Back in 2009 I produced a research paper and policy analysis on gender equality while working for the Luxembourg Government in Northern Nicaragua. Having recently set-up this blog, I would like to use this space to share the results of this research.

The project I was working with focused on encouraging socioeconomic development through tourism, using community and participatory processes. These processes involved setting up committees in both departments and municipals across Northern Nicaragua. These committees were responsible for building development plans for their region, as such setting the aims, aspirations and means for this development. The committees were also responsible for administration of some aspects of the project’s funds, such as spending on departmental infrastructure and selection of beneficiaries for a micro-credit scheme.

The report I produced analysed the project data, looking both at its employees and committee members, to assess the extent to which gender equality was part of this development process. The full report is available (in Spanish) at the end of this post. However, I would like to point out here, a few interesting highlights.
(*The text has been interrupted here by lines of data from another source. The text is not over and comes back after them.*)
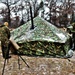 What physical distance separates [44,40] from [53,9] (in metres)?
14.2

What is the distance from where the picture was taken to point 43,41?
30.9 feet

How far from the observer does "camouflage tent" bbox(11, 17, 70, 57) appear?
30.8 feet

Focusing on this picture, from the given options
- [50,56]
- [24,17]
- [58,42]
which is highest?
[58,42]

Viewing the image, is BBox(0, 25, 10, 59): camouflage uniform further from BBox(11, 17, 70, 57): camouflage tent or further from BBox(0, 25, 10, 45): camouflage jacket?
BBox(11, 17, 70, 57): camouflage tent

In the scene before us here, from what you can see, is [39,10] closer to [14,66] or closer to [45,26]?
[45,26]

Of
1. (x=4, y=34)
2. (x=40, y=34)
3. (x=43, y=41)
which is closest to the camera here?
(x=4, y=34)

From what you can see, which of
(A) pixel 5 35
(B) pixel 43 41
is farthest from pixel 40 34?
(A) pixel 5 35

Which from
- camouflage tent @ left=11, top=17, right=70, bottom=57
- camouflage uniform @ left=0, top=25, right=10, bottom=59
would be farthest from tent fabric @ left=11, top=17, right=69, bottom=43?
camouflage uniform @ left=0, top=25, right=10, bottom=59

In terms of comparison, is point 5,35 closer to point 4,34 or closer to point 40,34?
point 4,34

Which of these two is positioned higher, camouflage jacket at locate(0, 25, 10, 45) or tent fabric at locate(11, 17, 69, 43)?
camouflage jacket at locate(0, 25, 10, 45)

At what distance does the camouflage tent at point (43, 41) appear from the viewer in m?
9.38

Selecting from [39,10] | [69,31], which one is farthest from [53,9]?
[69,31]

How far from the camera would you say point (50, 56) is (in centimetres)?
946

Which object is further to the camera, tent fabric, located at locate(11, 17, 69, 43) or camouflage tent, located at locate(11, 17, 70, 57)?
tent fabric, located at locate(11, 17, 69, 43) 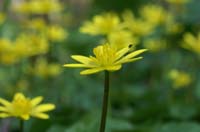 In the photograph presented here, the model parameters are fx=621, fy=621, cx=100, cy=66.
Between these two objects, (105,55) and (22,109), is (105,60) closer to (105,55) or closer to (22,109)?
(105,55)

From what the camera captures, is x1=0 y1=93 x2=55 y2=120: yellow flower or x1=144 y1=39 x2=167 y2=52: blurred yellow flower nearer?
x1=0 y1=93 x2=55 y2=120: yellow flower

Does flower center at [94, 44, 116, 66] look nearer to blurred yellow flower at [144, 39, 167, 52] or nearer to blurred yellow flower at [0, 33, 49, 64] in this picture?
blurred yellow flower at [0, 33, 49, 64]

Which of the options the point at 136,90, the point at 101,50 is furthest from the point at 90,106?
the point at 101,50

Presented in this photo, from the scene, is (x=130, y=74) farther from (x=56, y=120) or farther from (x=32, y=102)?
(x=32, y=102)

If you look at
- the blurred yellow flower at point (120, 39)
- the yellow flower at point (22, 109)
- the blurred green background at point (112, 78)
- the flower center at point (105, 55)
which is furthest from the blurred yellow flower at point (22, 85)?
the flower center at point (105, 55)

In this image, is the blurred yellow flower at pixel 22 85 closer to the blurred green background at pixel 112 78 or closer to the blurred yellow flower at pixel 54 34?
the blurred green background at pixel 112 78

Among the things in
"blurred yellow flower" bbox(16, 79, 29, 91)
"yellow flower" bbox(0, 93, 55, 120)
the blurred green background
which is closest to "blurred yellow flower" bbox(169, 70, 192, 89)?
the blurred green background

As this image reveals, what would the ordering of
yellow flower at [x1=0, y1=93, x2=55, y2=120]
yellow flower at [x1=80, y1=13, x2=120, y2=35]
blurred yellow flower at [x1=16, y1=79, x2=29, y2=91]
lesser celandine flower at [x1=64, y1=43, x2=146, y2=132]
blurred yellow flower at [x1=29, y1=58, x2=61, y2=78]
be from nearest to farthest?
lesser celandine flower at [x1=64, y1=43, x2=146, y2=132] → yellow flower at [x1=0, y1=93, x2=55, y2=120] → yellow flower at [x1=80, y1=13, x2=120, y2=35] → blurred yellow flower at [x1=16, y1=79, x2=29, y2=91] → blurred yellow flower at [x1=29, y1=58, x2=61, y2=78]

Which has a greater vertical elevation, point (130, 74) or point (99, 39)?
point (99, 39) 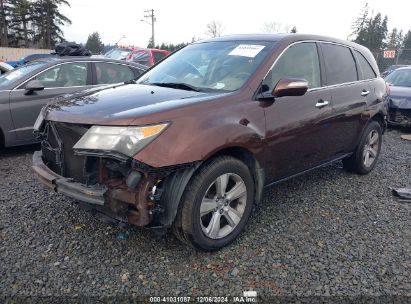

1. Although the participants in the project’s committees were largely made up of equal numbers of men and women,  it became apparent that men were more likely to take on leadership roles within these committees and in most cases the Presidents of the committees were men.

2. Although men and women participated equally in the training provided by the project, men dominated the courses on business management, while women were the main recipients in the courses on cooking. The demonstrated a gendered approach, based on traditional roles in Nicaragua.

3. Despite a policy which encouraged the hiring of women, two-thirds of consultants contracted by the project were men.

4. Women involved in the project pointed out a higher sense of self-esteem from being involved in the project, which translated into their home life.

5. Women also pointed out that it was harder for women to participate due to issues such as childcare, the responsibility for which primarily fell on them.

The recommendations made by this study, included:

1. Better monitoring of gender issues within project operations;

2. Provision of daycare and other facilities to allow women with children to more easily participate;

3. Taking an approach which attempts to counter gender stereotypes in the roles that women assume within the project.

Full study available to download, in Spanish, shortly.